VelocityShares Replacing Delisted Oil ETNs With Similar Products

In a rather stunning last-minute development, as the VelocityShares triple-leveraged oil ETNs neared their delisting at the close of business on Thursday, Citigroup announced this afternoon that it would be launching a pair of VelocityShares-branded exchange-traded notes that are structured almost exactly the same way. They even have the same names and similar tickers.

The VelocityShares 3x Long Crude Oil ETN (UWT) and the VelocityShares 3x Inverse Crude Oil ETN (DWT) will launch Friday morning, seamlessly filling the void left by the delisting of the VelocityShares 3x Long Crude Oil ETN (UWTI) and the VelocityShares 3x Inverse Crude Oil ETN (DWTI), which still have hundreds of millions of dollars in assets.

The two new Citigroup-backed ETNs will have expense ratios of 1.50%, while the outgoing Credit Suisse products had expense ratios of 1.35%.

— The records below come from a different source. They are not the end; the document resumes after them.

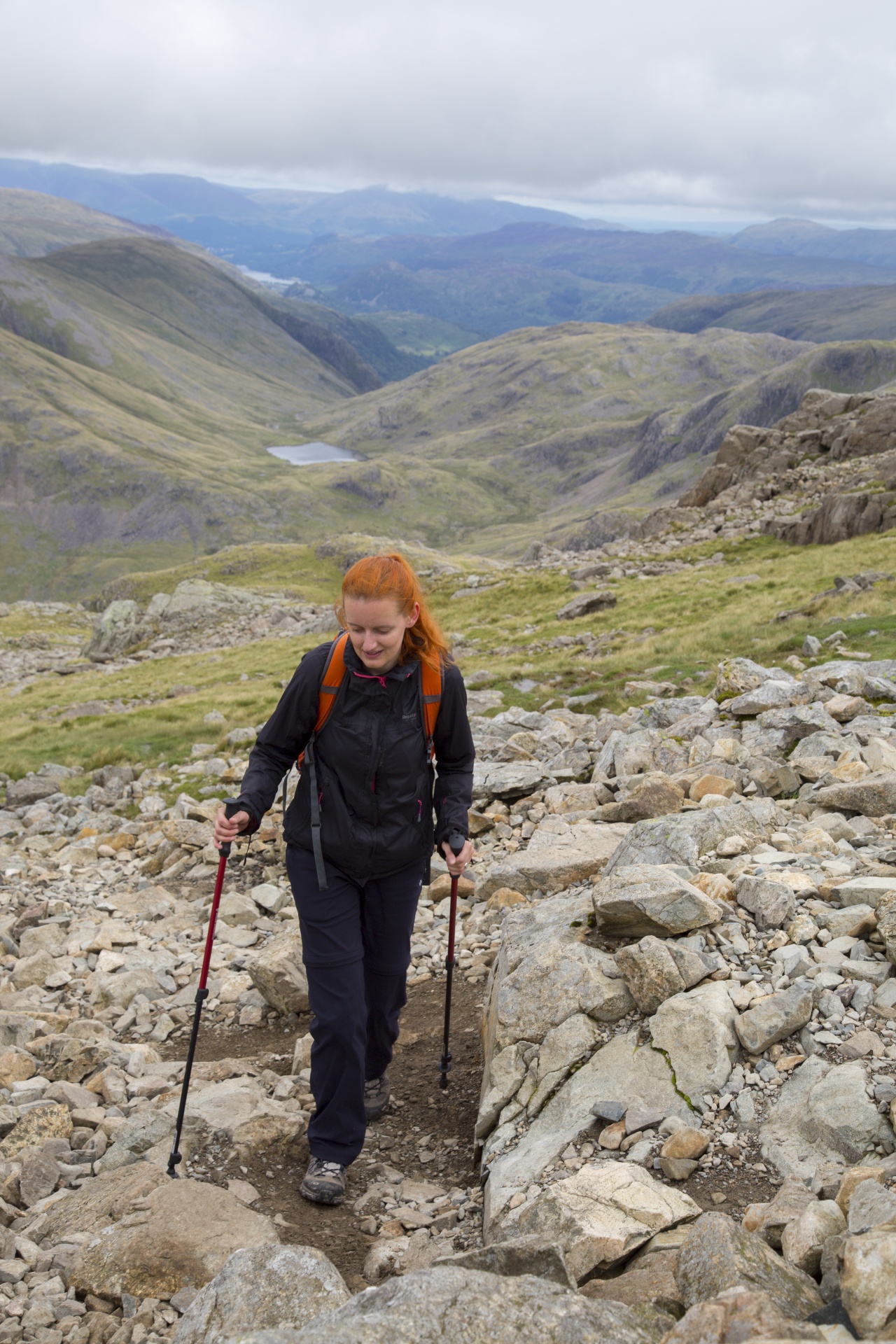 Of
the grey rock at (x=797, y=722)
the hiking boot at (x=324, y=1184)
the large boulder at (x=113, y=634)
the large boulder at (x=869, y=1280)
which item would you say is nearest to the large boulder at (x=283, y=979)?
the hiking boot at (x=324, y=1184)

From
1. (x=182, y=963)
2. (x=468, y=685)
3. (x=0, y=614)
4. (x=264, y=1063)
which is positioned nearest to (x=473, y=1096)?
(x=264, y=1063)

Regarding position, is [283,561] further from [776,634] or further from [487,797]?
[487,797]

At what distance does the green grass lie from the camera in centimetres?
2341

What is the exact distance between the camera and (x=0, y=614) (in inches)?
3612

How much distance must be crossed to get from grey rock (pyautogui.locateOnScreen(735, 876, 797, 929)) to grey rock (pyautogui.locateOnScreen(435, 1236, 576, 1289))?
12.3ft

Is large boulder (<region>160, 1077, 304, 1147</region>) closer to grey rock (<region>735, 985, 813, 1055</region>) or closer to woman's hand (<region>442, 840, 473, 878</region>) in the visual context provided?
woman's hand (<region>442, 840, 473, 878</region>)

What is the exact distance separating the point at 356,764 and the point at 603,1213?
3130 mm

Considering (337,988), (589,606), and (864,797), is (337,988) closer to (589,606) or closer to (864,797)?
(864,797)

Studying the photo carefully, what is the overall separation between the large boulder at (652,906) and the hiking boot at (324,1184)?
2833 mm

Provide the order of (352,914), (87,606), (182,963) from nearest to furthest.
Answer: (352,914), (182,963), (87,606)

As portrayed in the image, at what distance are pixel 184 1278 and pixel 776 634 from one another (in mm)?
22572

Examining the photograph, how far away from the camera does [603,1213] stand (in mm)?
4891

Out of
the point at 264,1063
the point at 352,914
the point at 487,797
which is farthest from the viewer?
the point at 487,797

"We’ve been seeing fees compressing on ETFs. But because this product is going to fill a newly created gap, [CitiGroup] may have success in charging more because a lot of money needs to go somewhere,” said Todd Rosenbluth, director of ETF and mutual fund research at independent research firm CFRA, with regard to the higher price point on the new ETNs.

Completely New Products

It should be emphasized that these are entirely new and separate products and there will be no ability to convert the ETNs delisting today into the new ones that will list tomorrow.

However, investors looking to achieve similar coverage will have the ability to do so going forward, albeit at a higher management fee. Investors still holding shares of UWTI and DWTI will still need to figure out their exit strategy.